France enshrines decision to close oldest nuclear plant
The French government on Sunday published a decree for closing the country's oldest nuclear plant, fulfilling a campaign-trail pledge made by President Francois Hollande who is now in the final weeks of office.
The decree, gazetted in the Official Journal which publishes government decisions, sets down the conditions for closing a nuclear plant at Fessenheim, a plant in eastern France on the border with southwestern Germany.
Fessenheim will cease operations when a new reactor, currently being built at Flamanville on the Normandy coast, "enters service," the decree said.
France's nuclear plant operator EDF last month said the Flamanville reactor—a project that has run into deep problems—will begin operations in 2019.
The closure of the twin-reactor plant at Fessenheim is part of a plan to slash France's dependence on atomic energy.
Hollande, who leaves office next month, vowed during campaigning in the 2012 election to close the facility as part of a promise to reduce the share of nuclear in the energy mix from 75 percent to 50 percent and boost the share of renewables.

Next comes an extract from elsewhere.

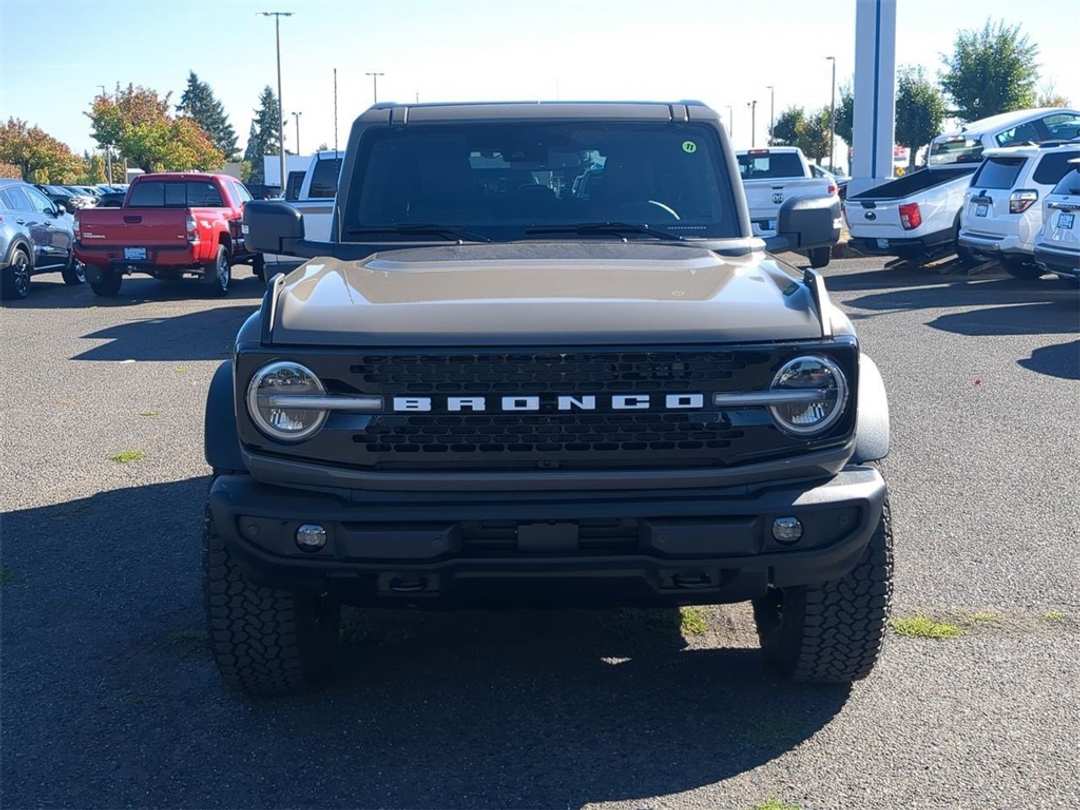 2025 Ford Bronco Outer Banks - Image 8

Fessenheim, in operation since 1977, is located on a seismic fault line about 100 kilometres (60 miles) south of the French city of Strasbourg and about 25 kms southwest of the German city of Freiburg.
Its closure has been a campaign target by French, German and Swiss environmentalists for years, as well as an enduring source of friction with Germany.
'Now it's done'
France's minister for ecology and energy, Segolene Royal, on Friday had said that the decree would be implemented to meet the 2012 campaign promise.
"The decree on #Fessenheim closure has been signed and published this morning," Royal tweeted on Sunday. "It was promised, now it's been done."
The conservative opposition has opposed the energy programme, arguing that France's nuclear industry is a guarantor of the country's energy independence and a source of cheap electricity.
The French trade unions have also weighed in on the question of Fessenheim, fearing the closure of the plant will lead to the loss of around 2,000 jobs, directly and indirectly,
The new European Pressurised Reactor (EPR) reactor, being built at Flamanville alongside two existing reactors, is a novel third-generation design touted as the world's biggest and advanced nuclear reactor.
But the project, along with another EPR contract in Finland, has been plagued by delays and technical problems.
Construction of the reactor began in December 2007, with an operational start initially scheduled for the end of 2012. Costs have tripled to 10.5 billion euros ($11.1 billion).
On March 16, EDF announced that it had begun the test phase of the Flamanville EPR, and this would run until the end of 2018.
The reactor will be hooked up to the national grid in the second quarter of 2019, it said.
Two EPR reactors are scheduled to be built at Hinkley Point in southwestern Britain under a Chinese-backed deal announced last year.